• _Records supplied_

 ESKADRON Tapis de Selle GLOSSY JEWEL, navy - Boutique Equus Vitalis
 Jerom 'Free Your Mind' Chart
...
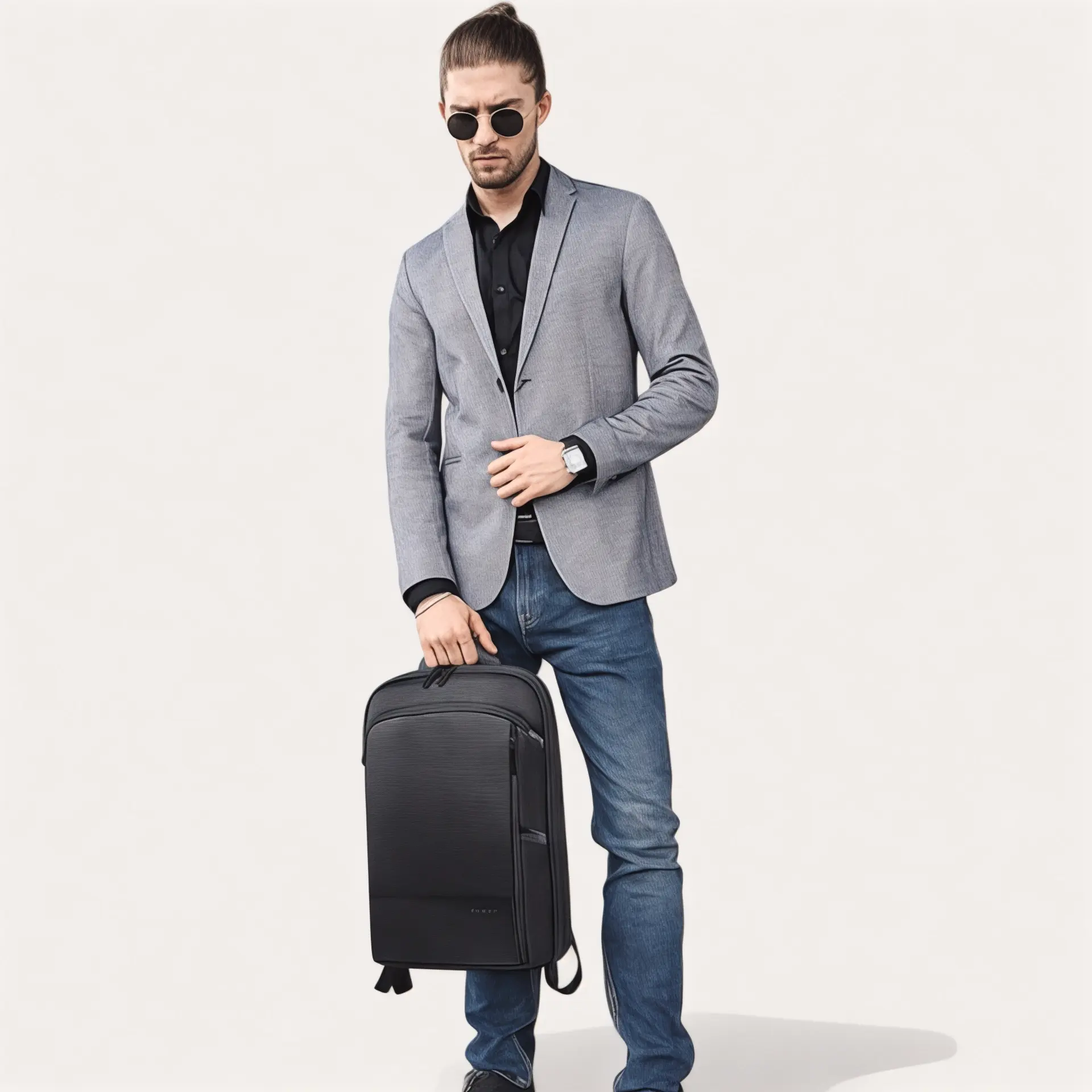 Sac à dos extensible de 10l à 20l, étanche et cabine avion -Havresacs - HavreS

• _What to do_
Reproduce, character for character, only the lines of the preceding data that start at the line with "ESKADRON Tapis de" and end at the line with "Jerom 'Free Your Mind' Chart", both included.

• _Result of this task_
 ESKADRON Tapis de Selle GLOSSY JEWEL, navy - Boutique Equus Vitalis
 Jerom 'Free Your Mind' Chart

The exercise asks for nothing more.